Please print every record below exactly as it appears, but leave out the pictures.

(Items listed in a dataset)
BEGIN

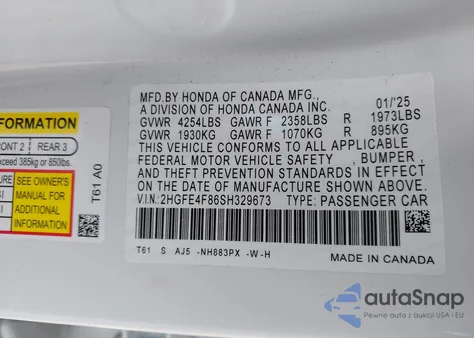 2025 Honda Civic Hybrid Sport/Sport Touring z USA, uszkodzony, nr VIN 2HGFE4F86SH329673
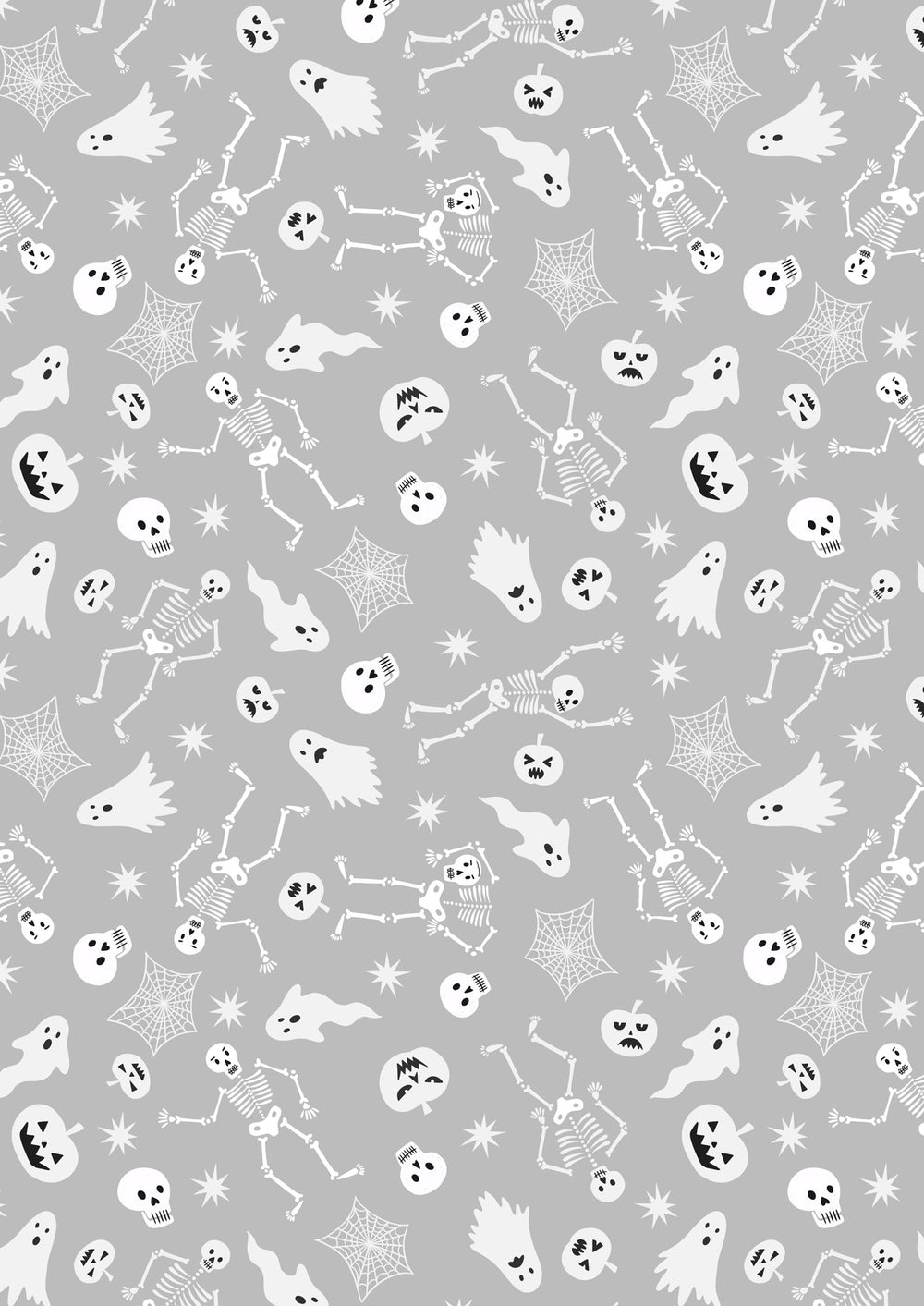 Witchy Woods Spooky Friends On Ghostly Grey (glow in the dark)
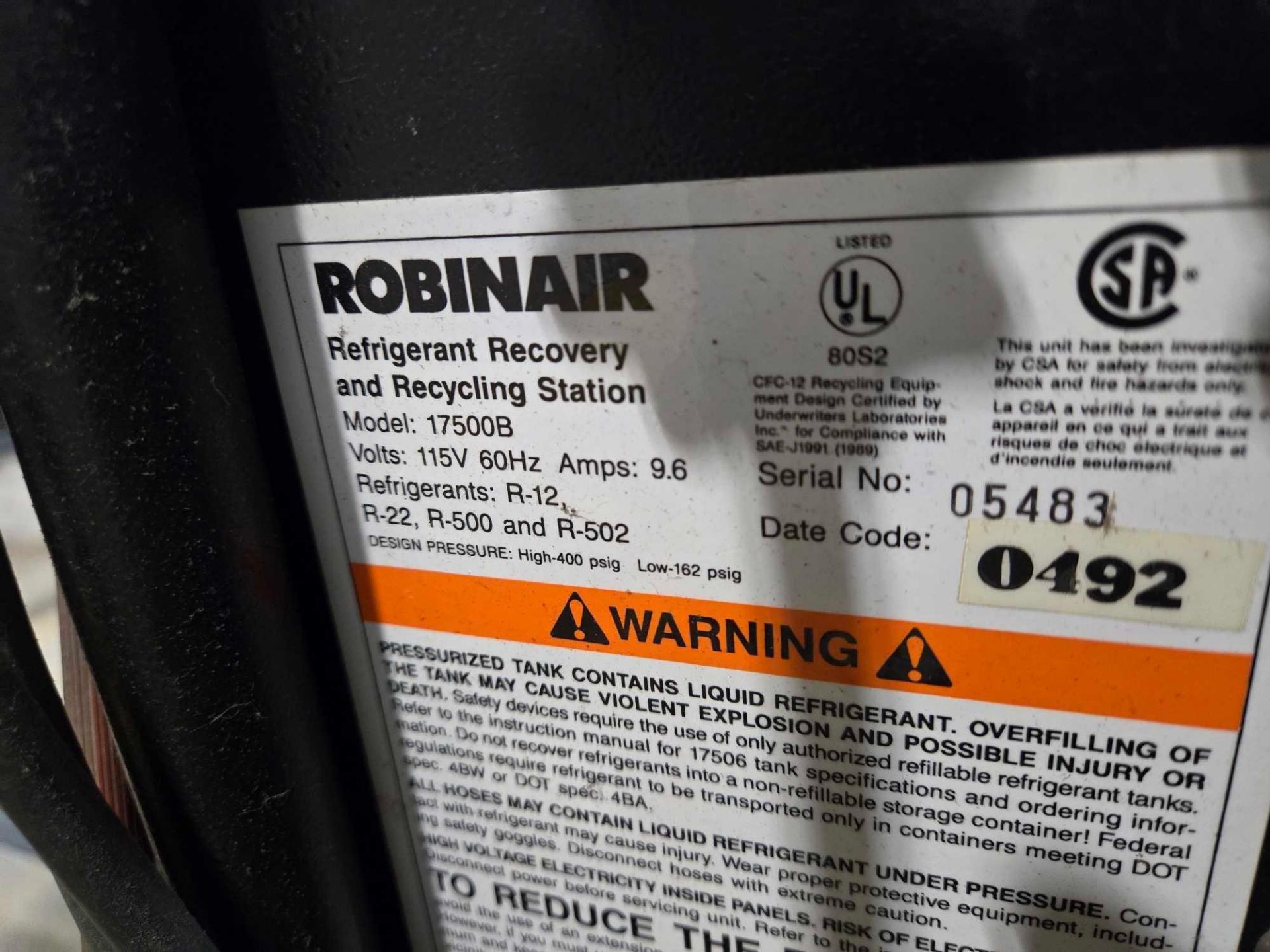 ROBINAIR 17500B REFRIGERANT RECOVERY AND RECYCLING STATION - Image 13 of 13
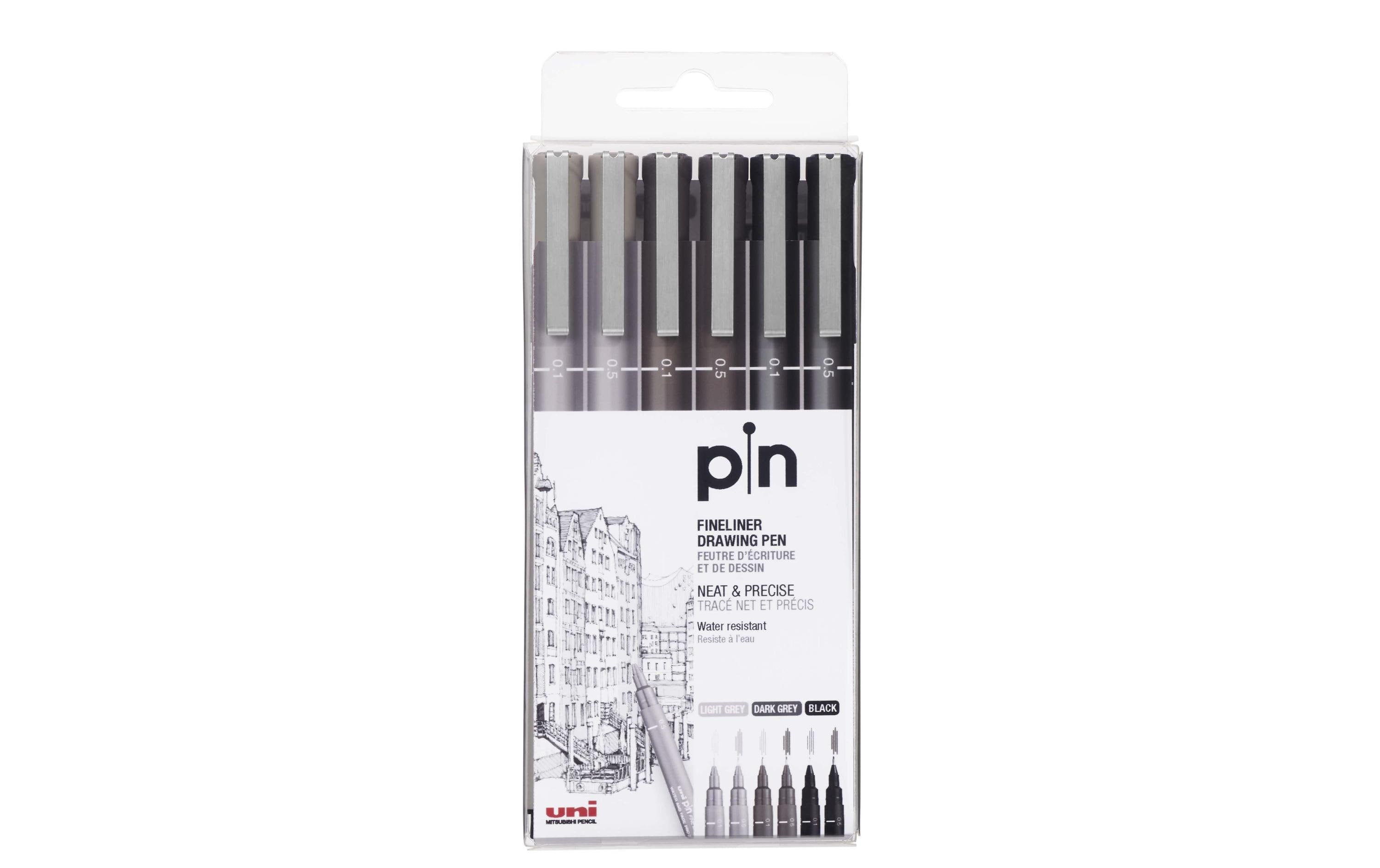 Uni PIN Fineliner Set assortiert - Etui zu 6 Stk ass.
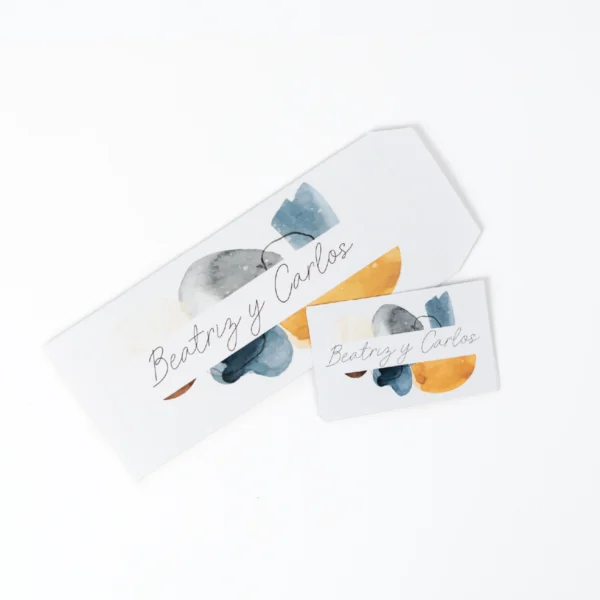 sobre tarjeta abstracto color, invitaciones mostaza, papeleria azul marino, kit boda contemporánea, sobres sin foil, tarjetas acuarela abstracta, diseño moderno, bloques de color, papeleria artística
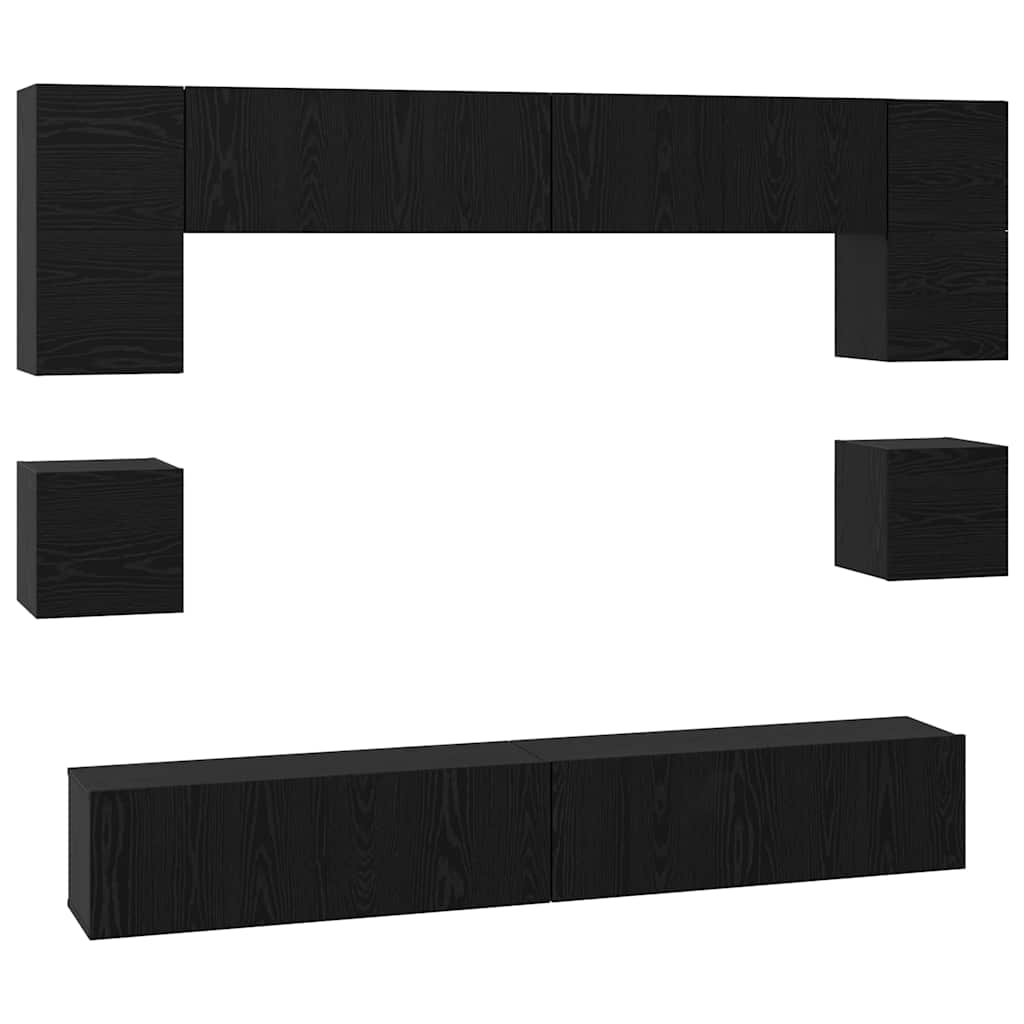 vidaXL TV-Schrankset 8 pcs Schwarz Eichen-Optik Holzwerkstoff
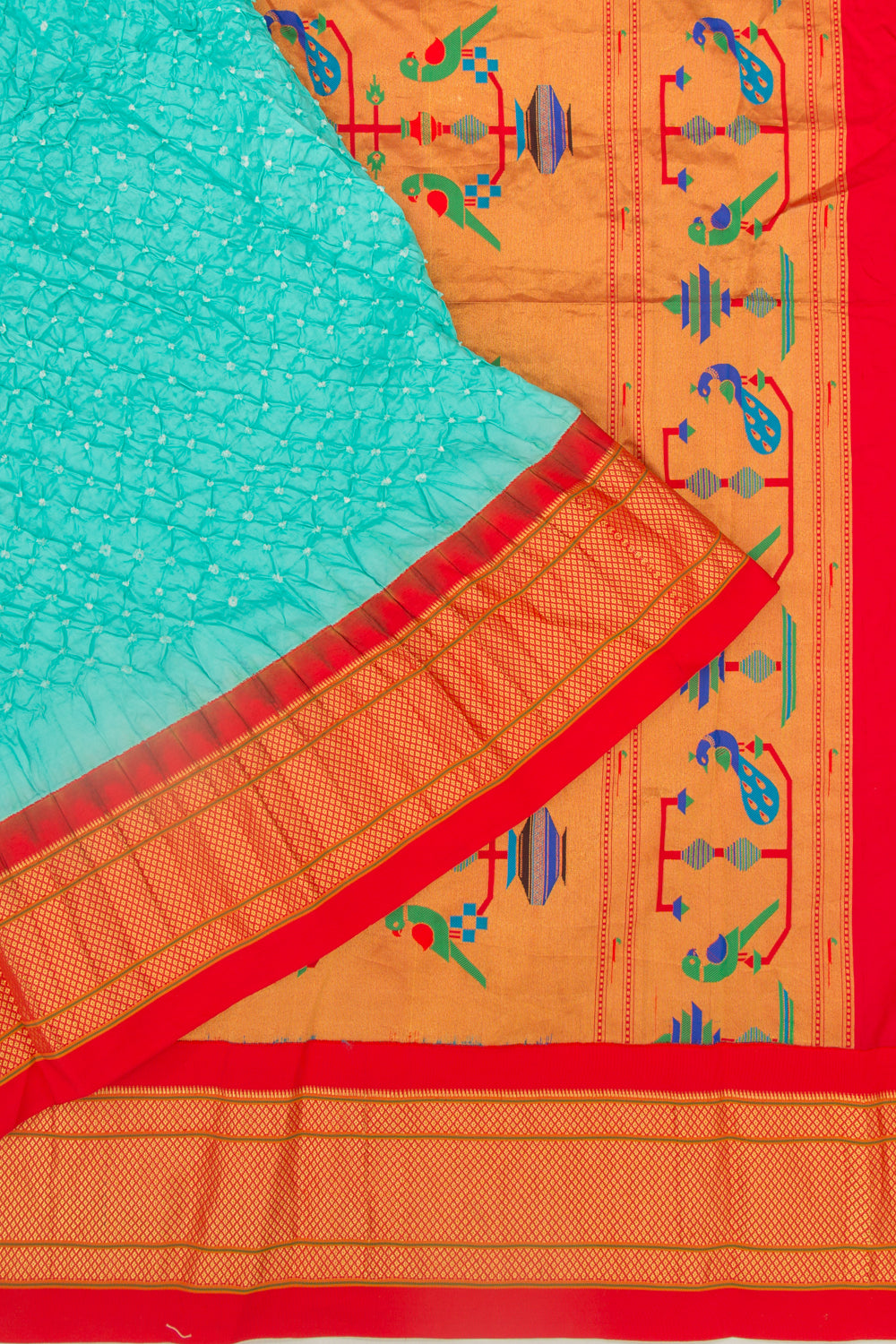 Muniya Silk Bandhani Sky Blue Saree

END

*RESPONSE TO THIS EXERCISE*:
 2025 Honda Civic Hybrid Sport/Sport Touring z USA, uszkodzony, nr VIN 2HGFE4F86SH329673
 Witchy Woods Spooky Friends On Ghostly Grey (glow in the dark)
 ROBINAIR 17500B REFRIGERANT RECOVERY AND RECYCLING STATION - Image 13 of 13
 Uni PIN Fineliner Set assortiert - Etui zu 6 Stk ass.
 sobre tarjeta abstracto color, invitaciones mostaza, papeleria azul marino, kit boda contemporánea, sobres sin foil, tarjetas acuarela abstracta, diseño moderno, bloques de color, papeleria artística
 vidaXL TV-Schrankset 8 pcs Schwarz Eichen-Optik Holzwerkstoff
 Muniya Silk Bandhani Sky Blue Saree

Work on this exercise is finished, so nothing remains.